Most of the predisposing causes of respiratory diseases in raptors relate back to husbandry. They are however the most common reason for a bird to be presented to us at the surgery.
As with many aspects of Raptors, health prevention of disease is optimal, but if not achieved, early identification of a problem is vital.
Daily checks should be carried out on all birds, including visual checks for:
- Nasal discharge, sneezing, staining of feathers around the nares.
- Head shaking, open mouth breathing
- Swelling around the eyes, ocular discharge
- Any signs of increased breathing rates or effort.
Common casual agents:
- Bacterial – pasteurella, chlamydia and mycoplasma species
- Viral – avian influenza
- Protozoal – trichomonas
- Fungal – Aspergillosis, candida, capillara.
The most common of all these is Aspergillosis.

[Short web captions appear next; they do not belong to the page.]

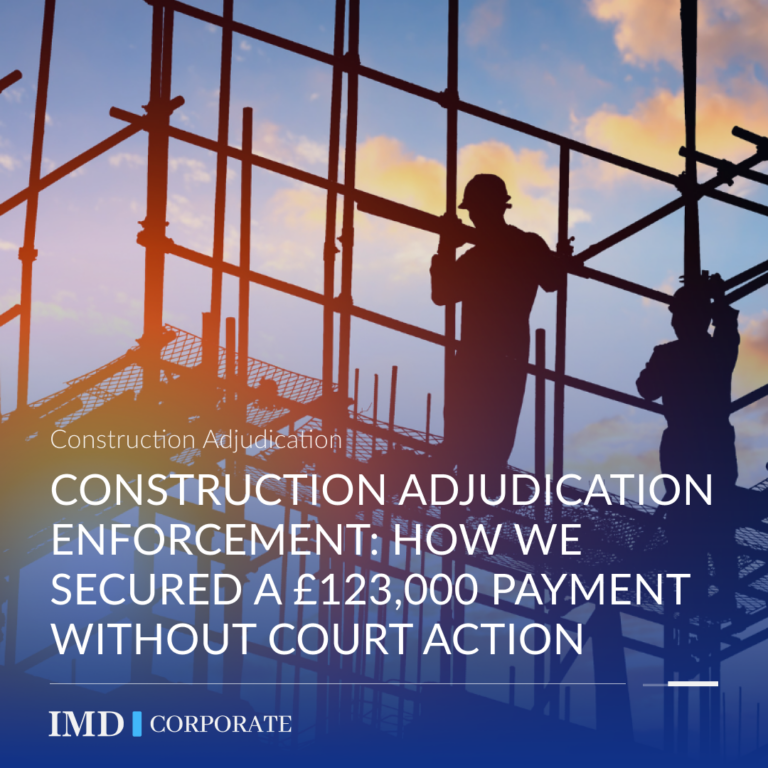 Construction Adjudication Enforcement: How We Secured a £123,000 Payment Without Court Action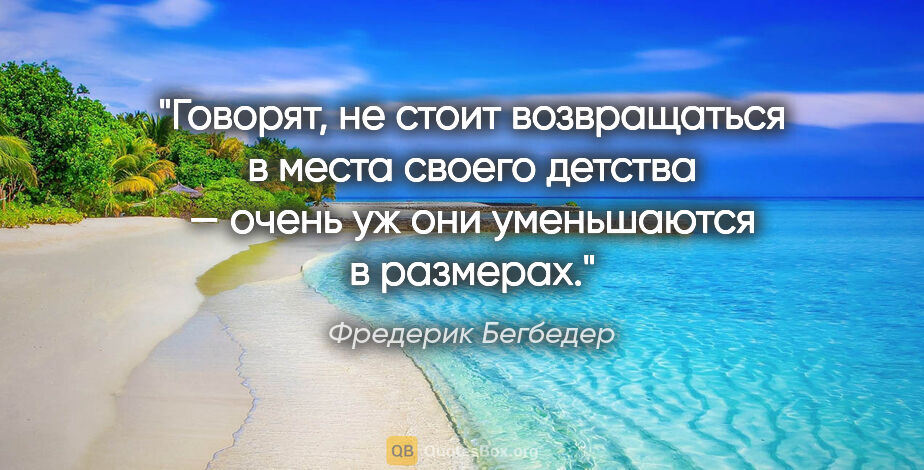 Фредерик Бегбедер цитата: "Говорят, не стоит возвращаться в места своего детства — очень..."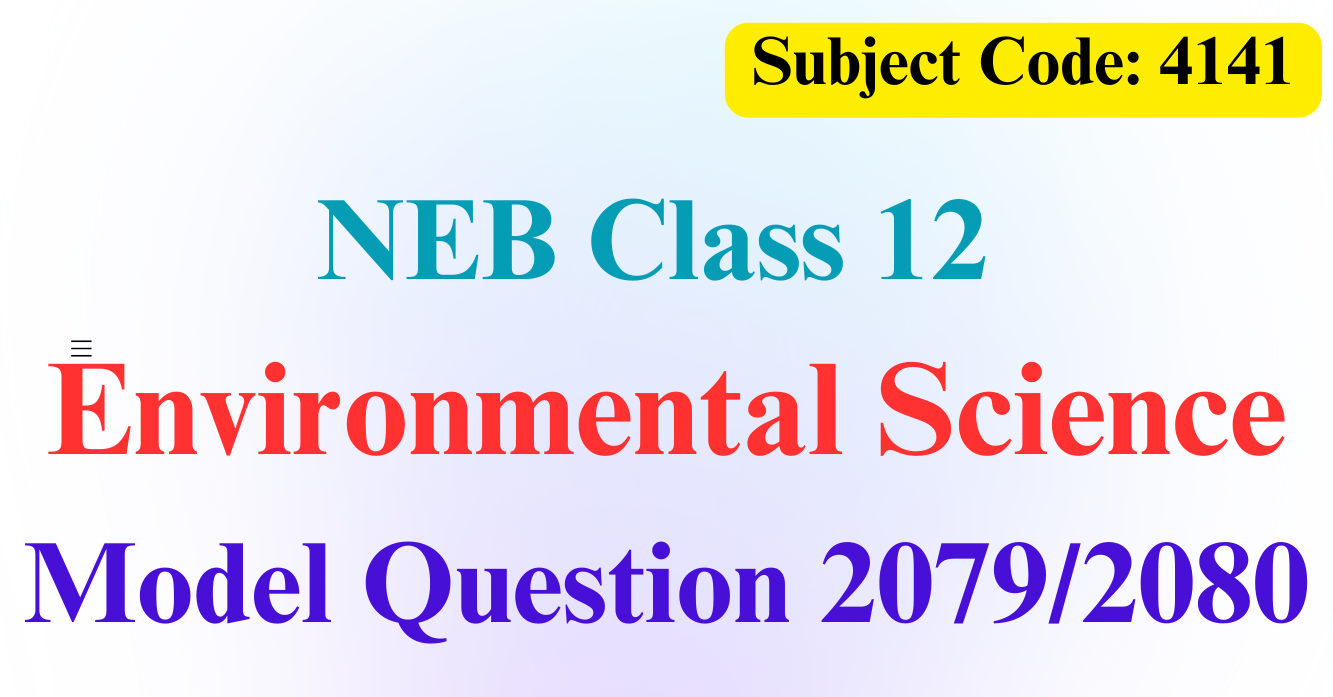 NEB Class 12 Environmental Science Model Question 2080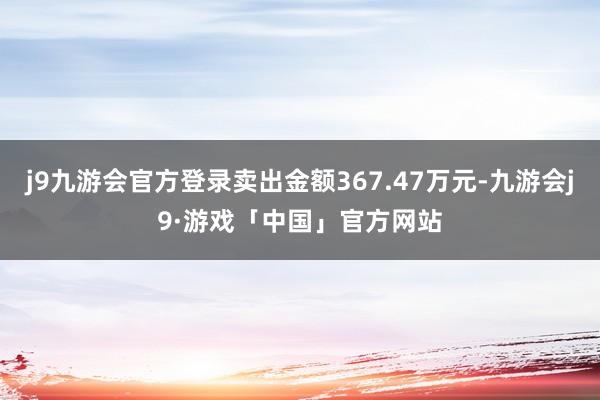 j9九游会官方登录卖出金额367.47万元-九游会j9·游戏「中国」官方网站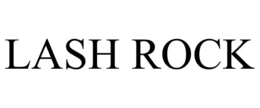 LASH ROCK trademark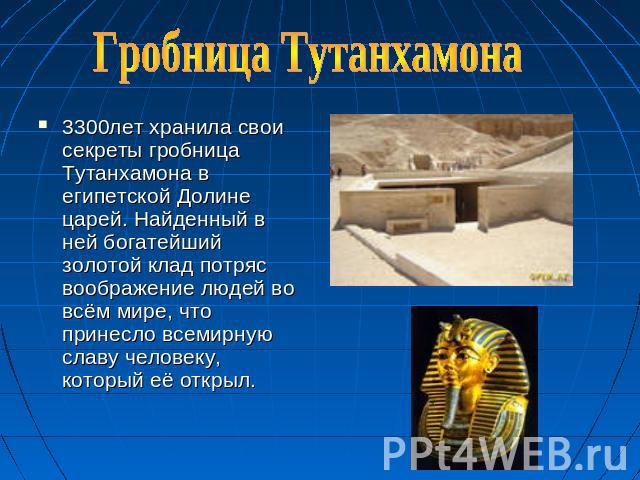 Гробница Тутанхамона 3300лет хранила свои секреты гробница Тутанхамона в египетской Долине царей. Найденный в ней богатейший золотой клад потряс воображение людей во всём мире, что принесло всемирную славу человеку, который её открыл.
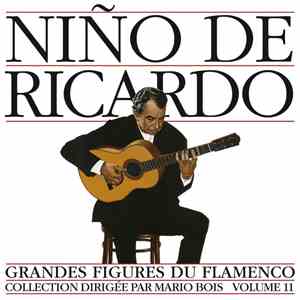 Niño Ricardo - Grandes Figures Du Flamenco - Volume 11 flac album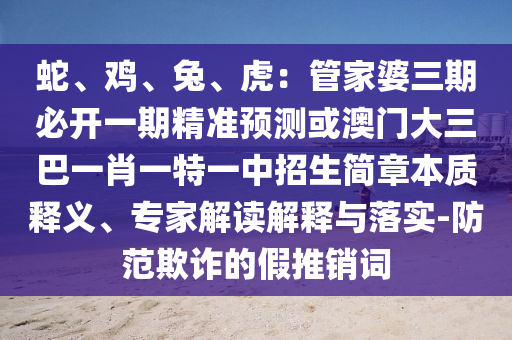 蛇、鸡、兔、虎:管家婆三期必开一期精准预测或澳门大三巴一肖一特一中招生简章本质释义、专家解读解释与落实-防范欺诈的假推销词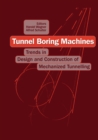 Tunnel Boring Machines: Trends in Design and Construction of Mechanical Tunnelling : Proceedings of the international lecture series, Hagenberg Castle, Linz, 14-15 December 1995 - eBook
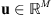 $ \mathbf{u}\in {\mathbb{R}}^M$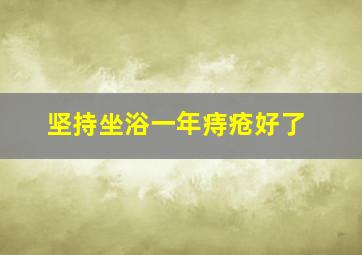 坚持坐浴一年痔疮好了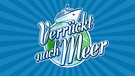 Verrückt nach Meer | Bild: BR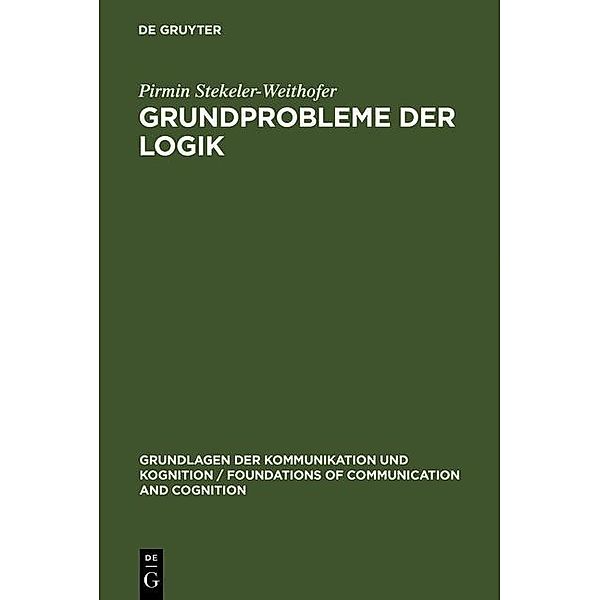 Grundprobleme der Logik / Grundlagen der Kommunikation und Kognition / Foundations of Communication and Cognition, Pirmin Stekeler-Weithofer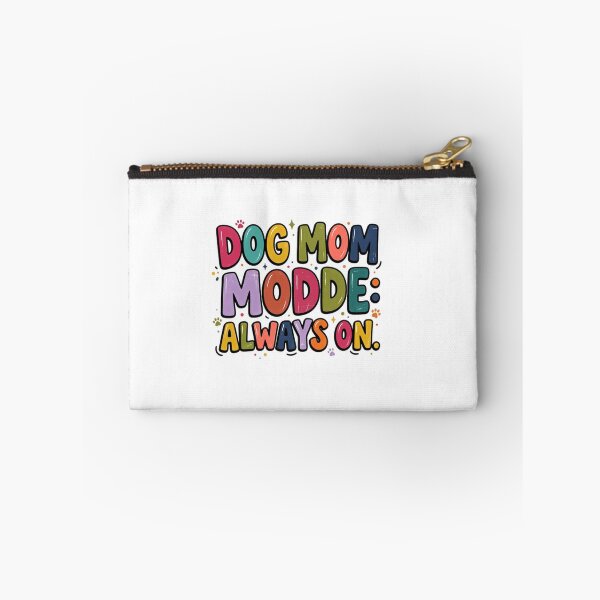 Item preview, Dog Mom Mode: Always On. Pet Parent Dog Lover Women Mother designed and sold by JonesFlora2025.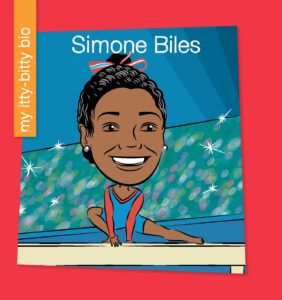 Cover image of Simone Biles (My Early Library: My Itty-Bitty Bio) by Katlin Sarantou. Illustrated by Jeff Bane.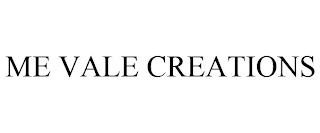 ME VALE CREATIONS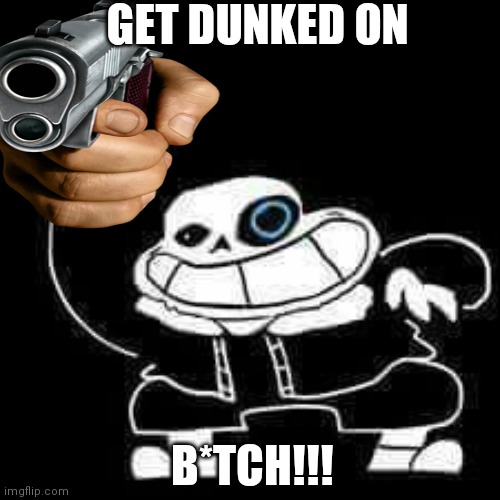 SANESS FOUND SOME AMMO | GET DUNKED ON; B*TCH!!! | image tagged in sans undertale | made w/ Imgflip meme maker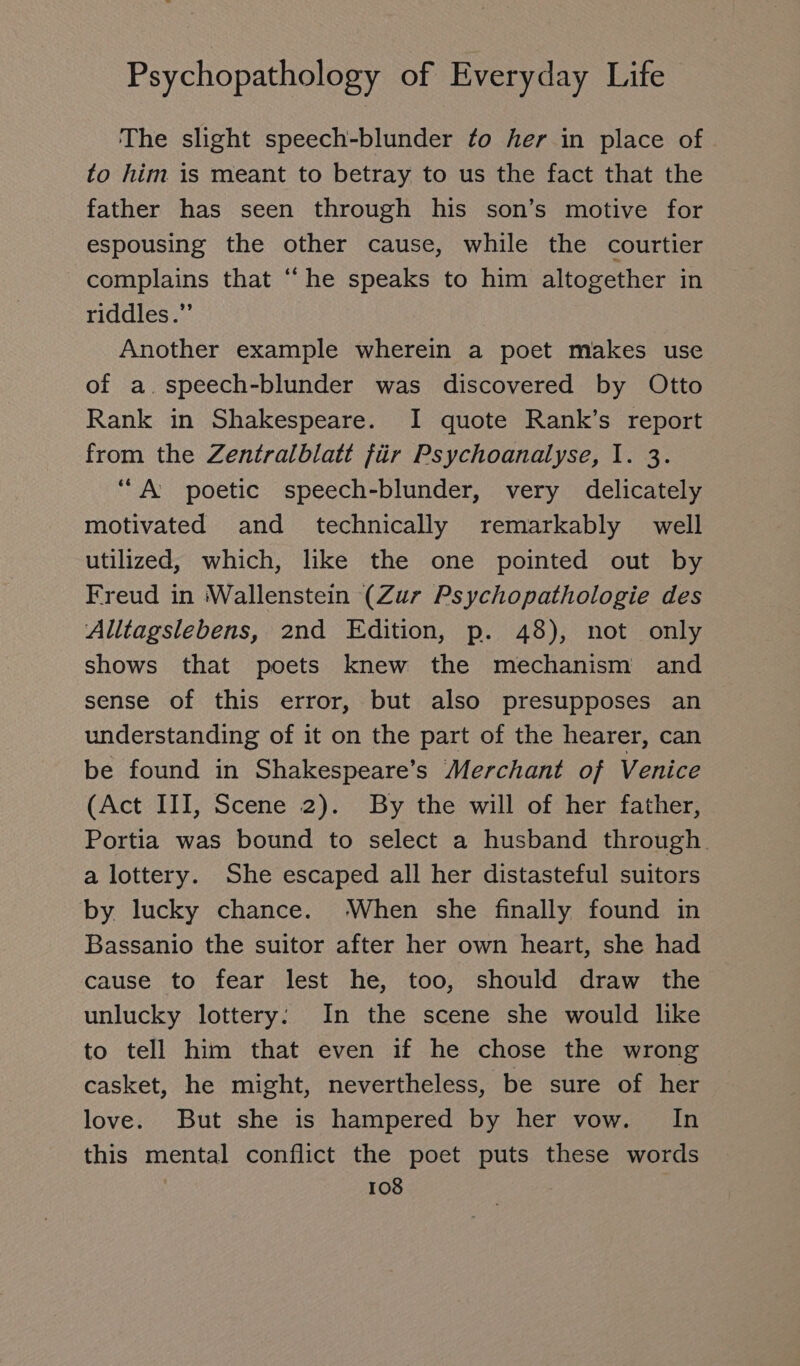 The slight speech-blunder ¢o her in place of to him is meant to betray to us the fact that the father has seen through his son’s motive for espousing the other cause, while the courtier complains that “ he speaks to him altogether in riddles.’’ Another example wherein a poet makes use of a.speech-blunder was discovered by Otto Rank in Shakespeare. I quote Rank’s report from the Zentralblatt für Psychoanalyse, 1. 3. “A poetic speech-blunder, very delicately motivated and technically remarkably well utilized, which, like the one pointed out by Freud in Wallenstein (Zur Psychopathologie des Alltagslebens, 2nd Edition, p. 48), not only shows that poets knew the mechanism and sense of this error, but also presupposes an understanding of it on the part of the hearer, can be found in Shakespeare’s Merchant of Venice (Act III, Scene 2). By the will of her father, Portia was bound to select a husband through. a lottery. She escaped all her distasteful suitors by lucky chance. When she finally found in Bassanio the suitor after her own heart, she had cause to fear lest he, too, should draw the unlucky lottery: In the scene she would like to tell him that even if he chose the wrong casket, he might, nevertheless, be sure of her love. But she is hampered by her vow. In this mental conflict the poet puts these words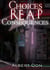 Choices Reap Consequences - Choice and Consequence, #8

Aspergillosis is found everywhere but infection occurs following higher exposure from mould, composts, or following stress/ immune –suppression in young birds in their first session.
The Fungus is not transmissible between birds.
Resulting infections are generally localized to either;
- Larynx/trachea – change or loss of voice, rasping breathing sounds, severe dyspnoea (difficulty in breathing)
- Air sacs – No change in respiratory noise, signs often chronic including weight loss incompetence, increased respiratory effort green mutes/urates.
- Lungs – often marked dyspnoea, prognosis sally guarded.
However some infection can be multi- focal, involving several areas and tissues. Deterioration in these cases is often rapid.
Information on chlamydial psittacosis, is available under psittacine birds. Of important note is that this is a disease that can be transferred to humans. Good hygiene and safety precautions should be implemented if handling birds with this condition.